In a long-overdue vote on Thursday, the House passed the U.S.-Peru Free Trade Agreement over considerable Democratic opposition. It faces less resistance in the Senate, which looks set to take action before its Thanksgiving recess. The Bush administration has also sent trade agreements with Colombia and Panama to Capitol Hill, but House Ways and Means Committee chairman Charles Rangel has said he will be too busy to schedule votes before next year. This is a shame, for reasons economic and strategic.
The Peru deal had been awaiting congressional action since 2005. Even after Democratic congressmen Rangel and Sander Levin of Michigan convinced the administration to strengthen the agreement’s provisions on labor and environmental standards, many Democrats objected. They said the deal would outsource American jobs to South America, increasing economic instability and undercutting the U.S. manufacturing sector. Critics of the proposed deals with Colombia and Panama make similar arguments.
But the agreements with Peru, Colombia, and Panama are not about letting U.S. companies outsource jobs. The vast majority of what we import from those countries is already duty-free. Under the Andean Trade Preference Act, the U.S. opened its markets to most products from Peru and Colombia in exchange for their help with drug eradication. (Panama benefits in a similar way from the Caribbean Basin Initiative.) In other words, American companies wanting to build factories in Peru, Colombia, or Panama and import their products to U.S. markets were already free to do so. The new trade agreements simply open the Peruvian, Colombian, and Panamanian markets to American-made goods. It is a question of reciprocity.
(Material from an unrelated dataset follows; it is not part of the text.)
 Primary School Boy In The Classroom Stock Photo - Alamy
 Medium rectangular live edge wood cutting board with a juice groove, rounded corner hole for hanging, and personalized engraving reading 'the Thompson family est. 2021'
As far as the more general health of the manufacturing sector is concerned, Democrats seem to be reading yesterday’s news. The sector has fully recovered from a four-year recession that ended in 2003, and last year, U.S. manufacturers set new records for output, sales, and profits. Employment in manufacturing continues to decline (as it has for decades), but “outsourcing” is not the culprit. Rather, as the Cato Institute’s Dan Ikenson has noted, “[Record output and declining employment] taken together are evidence of soaring labor productivity, which is the source of long-term increases in living standards.”
Passage of the deals would also advance important strategic interests of the United States. Hugo Chávez continues trying to spread his poisonous anti-Americanism across Latin America. Stronger economic ties between the U.S. and the countries in Chavez’s geopolitical neighborhood would help isolate him and check his influence.
It’s hard to see how anyone could expect free-trade agreements with three relatively small countries to massively disrupt the U.S. labor market. Opposition to the deals is more likely a protectionist reflex from Democrats — many of them freshmen — who feel they owe their seats to anti-trade rhetoric. If it was this hard for Nancy Pelosi and Charles Rangel to pass the Peru deal, we fear that the Bush administration’s remaining big-ticket trade proposals — the U.S.–South Korea Free Trade Agreement, and the renewal of the president’s fast-track trade-negotiating authority — will be battles for a future occupant of the Oval Office to fight.